DataParallel optim and saving correctness

Arun_Mallya · June 15, 2017, 9:05pm

Are the two marked lines 1) and 2) equivalent when using DataParallel?

net = torch.nn.DataParallel(net).cuda()
optim = torch.optim.Adam(net.parameters(), LR)         # 1)
optim = torch.optim.Adam(net.module.parameters(), LR)  # 2)

Or does one of them create weird synchronization issues?

Also, while saving params to file, which one is preferred when using a DataParallel module?
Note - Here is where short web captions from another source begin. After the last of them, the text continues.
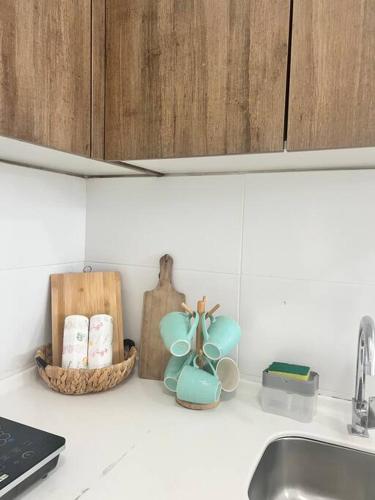 a kitchen counter with a sink and some items on it at Lily Avillion-Tanah Rata in Tanah Rata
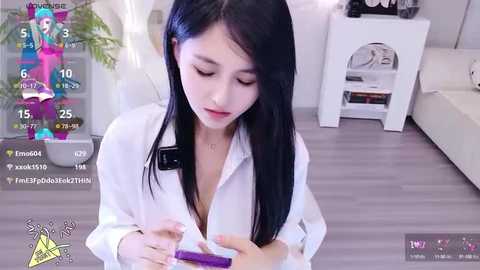 Media: A video of an East Asian woman with long black hair, wearing a white shirt, sitting on a white sofa, looking at a smartphone, in a modern living room.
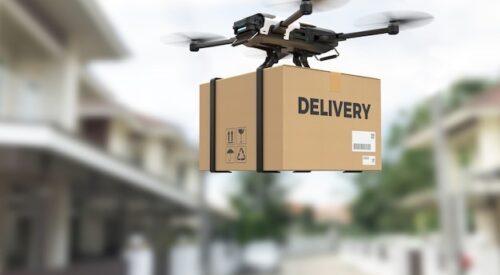 Drone carrying a box for delivery.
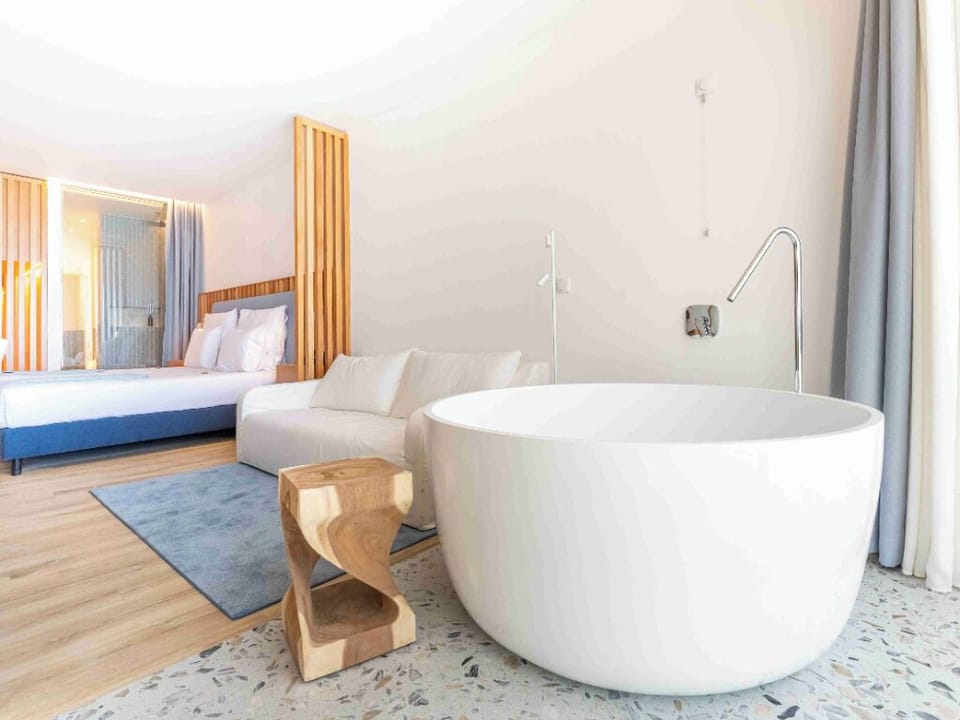 Indulge in an in-room soak with serene seaside calm.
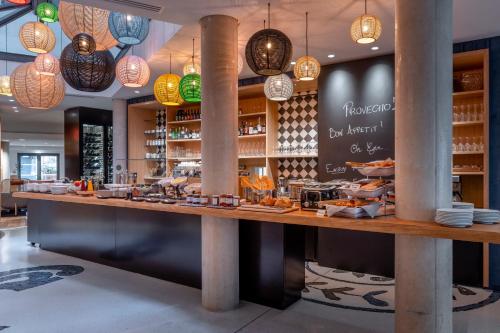 a restaurant with a counter with food and lights at Hôtel Villa KOEGUI Bayonne in Bayonne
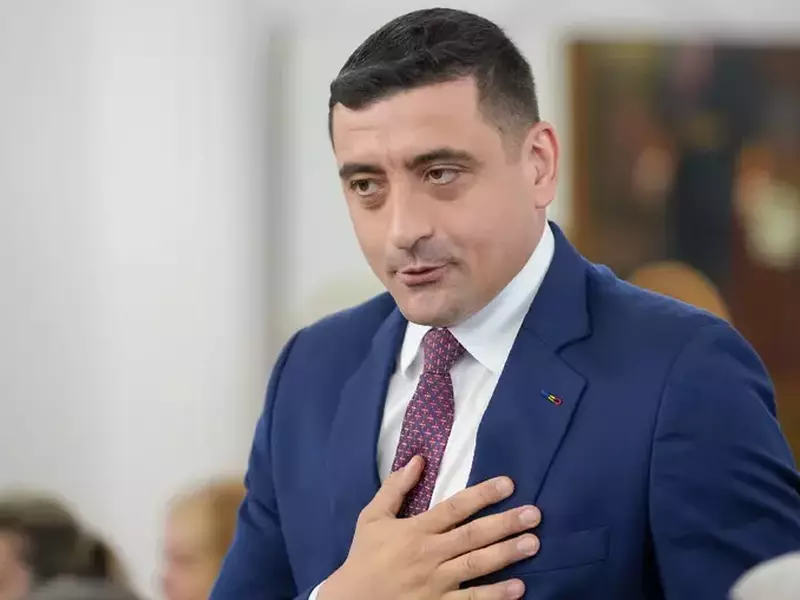 george Simion, îmbrăcat în costum bleumarin, camasa alba si cravata albastru cu rosu, tine mana pe piept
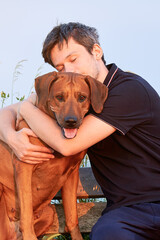 Young man snuggling and hugging his dog sitting outdoors. Close friendship, love and bond between owner and pet 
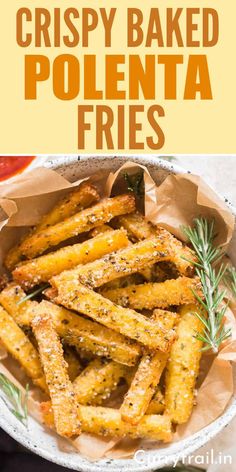 crispy baked polenta fries in a bowl with rosemary sprigs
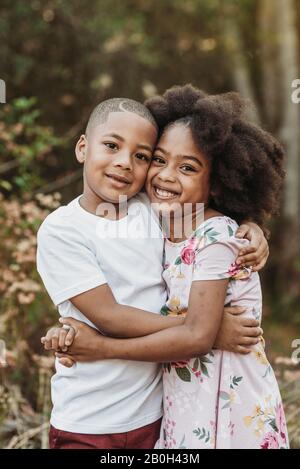 Brother and sister looking at the camera smiling Stock Photo - Alamy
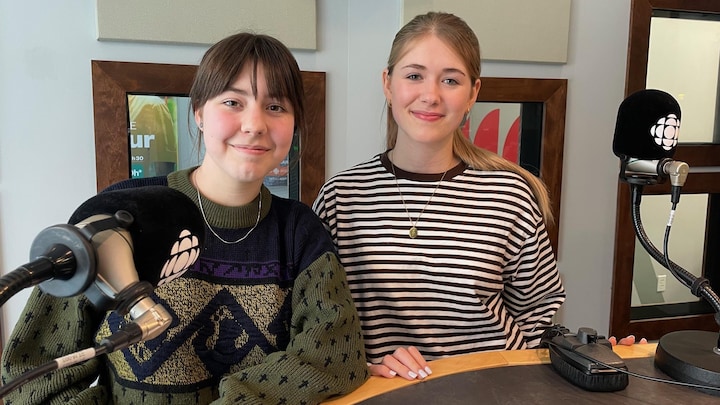 Félixe Rivest-Leclerc et Élizabeth L'Heureux sourient à la caméra en prenant la pose derrière un micro, dans un studio de Radio-Canada.
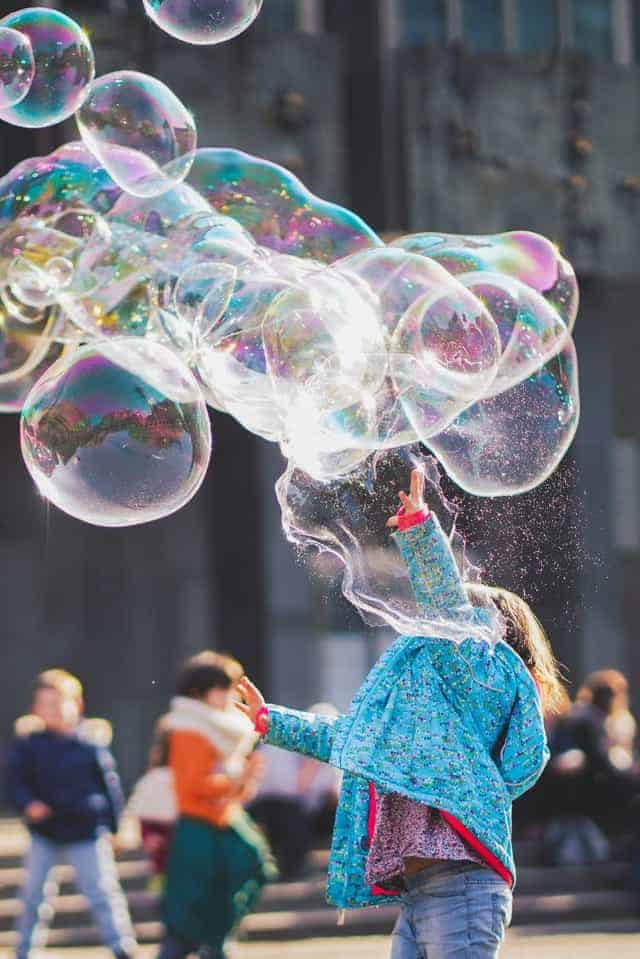 child playing with bubbles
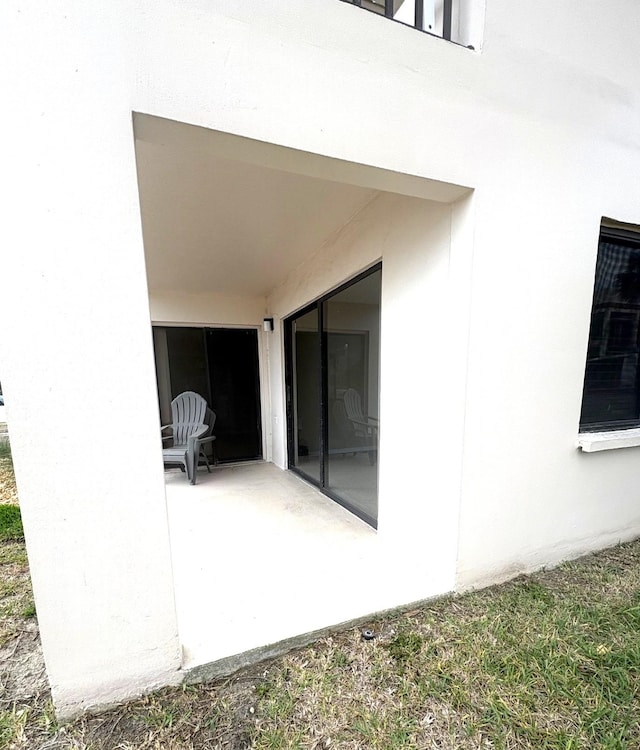 rear view of house with a patio and stucco siding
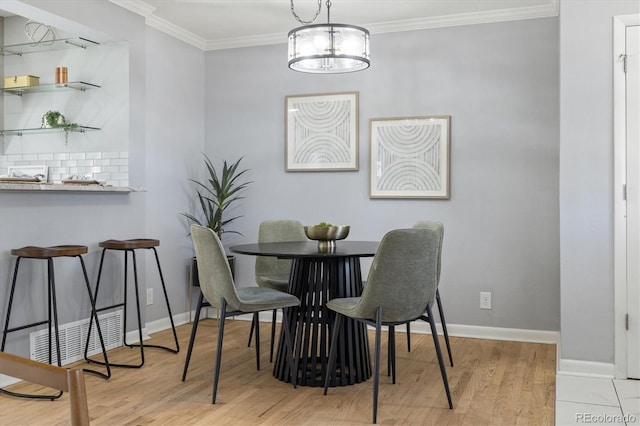 dining space featuring crown molding, baseboards, and wood finished floors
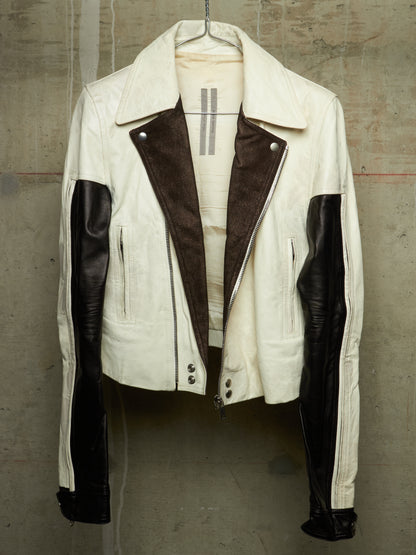A cream-colored leather jacket with dark brown suede-like panels on the front and black leather sleeves, hanging against a textured concrete wall.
net = torch.nn.DataParallel(net).cuda()
...
torch.save({
  'epoch': epoch,
  'args': args,
  'state_dict': model.state_dict(),  # 1) OR
  'state_dict': model.module.state_dict(),  # 2)
  'loss_history': loss_history,
}, model_save_filename)

In Torch, an analogue of method 2) was preferred (https://github.com/facebook/fb.resnet.torch/blob/master/checkpoints.lua#L45-L48).

smth · June 22, 2017, 4:42am

#1 is preferred in both cases. Unlike (Lua)Torch you dont need the workarounds.

Arun_Mallya · June 22, 2017, 6:01pm

I tried #1 however, I run into this issue while loading the state_dict back:
KeyError: 'unexpected key "module.cnn.0.weight" in state_dict'
Essentially, the model is nested in the module of DataParallel.
I guess it might be better to use #2 for saving?

smth · June 22, 2017, 8:20pm

oh i see. yea probably #2 for saving via state_dict.